At the time, the church’s response was robust to say the least. Dr McLellan had been given two years to write his recommendations, it said, and the church should be given the same time to implement them. It also said an implementation plan had been published and that a review group was being established. The members of the group were in the process of being confirmed, said the church, and their preferred candidate had already accepted the role of chair.

We know now that that candidate was Baroness Liddell and that she is committed to ensuring that the McLellan Report is implemented quickly and in full. However, she will also know that there are lessons to be learned from Dr McLellan’s frustration. His report does not appear to have been shelved or sidelined as feared, but the fact that Dr McLellan and some of his colleagues believed it had been demonstrated that the Catholic Church in Scotland still has an important lesson to learn about how it communicates.

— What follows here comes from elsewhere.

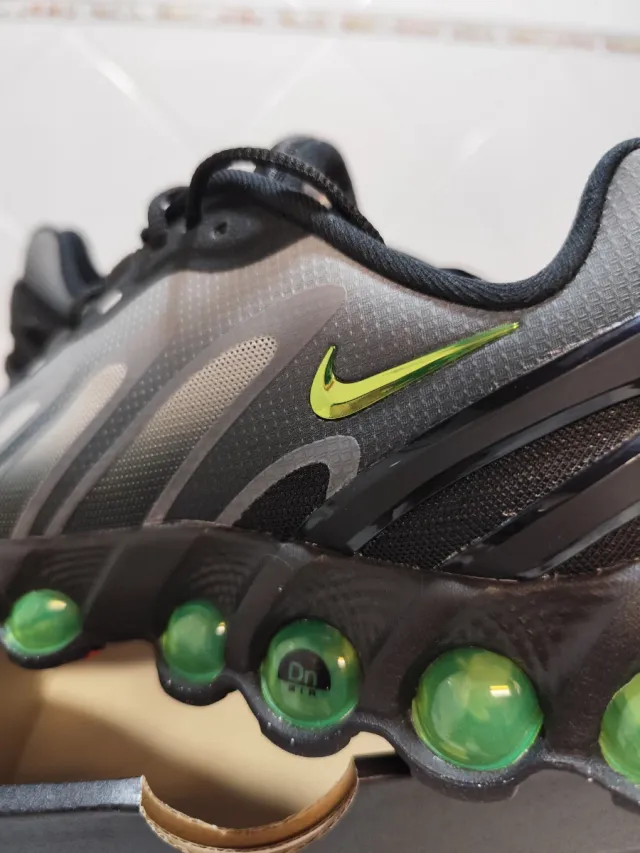 Nike Air Max DN8 Zapatillas Negras y Verdes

One of Baroness Liddell’s most important jobs as chair of the review group will be to ensure that the Church learns that lesson and she seems to understand that. Once she gets started, she says, her aim will be to ensure that there is transparency in the work of the group, which is exactly the mission statement that is needed. The Catholic Church in Scotland is making progress on this difficult issue, but an important priority for it and the new Independent Review Group is to ensure that the progress is seen to be made too. Then the survivors of abuse can do what Baroness Liddell says they must: judge the review group by its actions.